Итало Свево, в отличие от Джойса, был мало кому известен; редкие французы оценили его роман «Цено». Он был на двадцать лет старше Джойса, и я с ним познакомился за год до его смерти. Свево часто называли дилетантом: он был промышленником, за всю свою жизнь написал всего несколько книг. Но роль его в разрушении старых форм романа бесспорна; его имя нужно поставить рядом с Джеймсом, Марселем Прустом, Джойсом, Андреем Белым. Он много говорил мне о влиянии, которое оказал на него русский роман XIX века. Джойс исходил в романах от своего душевного опыта и от музыкальной стихии, людей не знал, да и не хотел знать. Свево мне рассказывал, что Стефан Дедал, герой романа «Улисс», должен был называться Телемахом; Джойс любил имена-символы, а Телемах по-гречески означает «далекий от борьбы». Итало Свево, наоборот, искал вдохновения в жизни, пополнял наблюдения своими собственными переживаниями, но никогда их не суживал до своего «я».

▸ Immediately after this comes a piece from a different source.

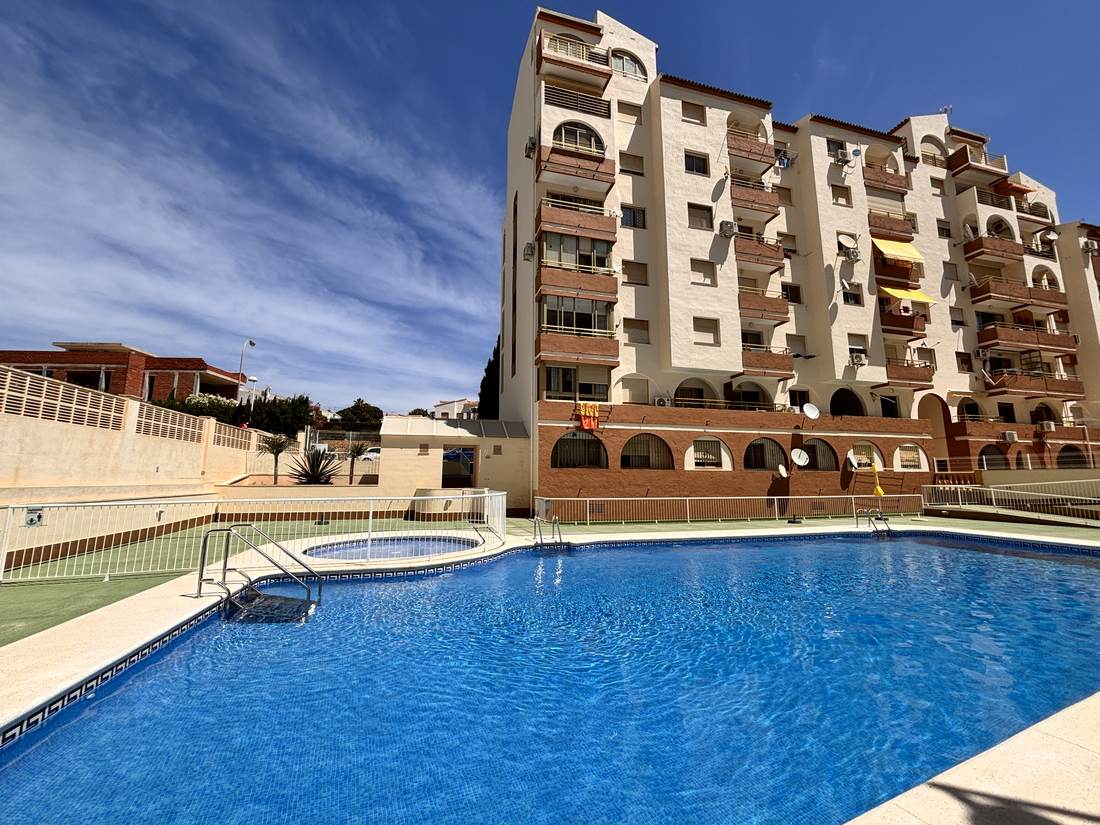 La piscina con el edificio de ladrillo al fondo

Иногда я встречал Шарля Вильдрака, доброго и неизменно огорченного то событиями, то отсутствием событий. Жан-Ришар Блок спрашивал себя и других, как ему примирить Ницше с Толстым, а русскую революцию с Ганди.

Я познакомился с молодыми писателями Арагоном, Десносом, Мальро, Шамсоном, Кассу; о некоторых из них я расскажу впоследствии. А тогда я их недостаточно знал и, главное, плохо понимал.

Сюрреалисты еще не могли расстаться с толкованием снов, с пророчествами, с культом подсознательного. Они устраивали шумные вечера, выступали с ультрареволюционными манифестами, срывали чествования — все это напоминало наших ранних футуристов.

Потом я подружился с некоторыми французскими писателями, а и те годы мне трудно было с ними разговаривать — не было общего языка. Многие из них мечтали о буре, но буря для них была отвлеченным понятием: для одних — апокалипсическим светопреставлением, для других — театральной постановкой. А меня мутило на твердой земле, так иногда бывает после сильной качки.

Андре Жиду было тогда под шестьдесят. Андре Мальро около тридцати, но оба казались мне то подростками, еще не хлебнувшими горн, то стариками, отравленными не спиртом или никотином, а книжной мудростью.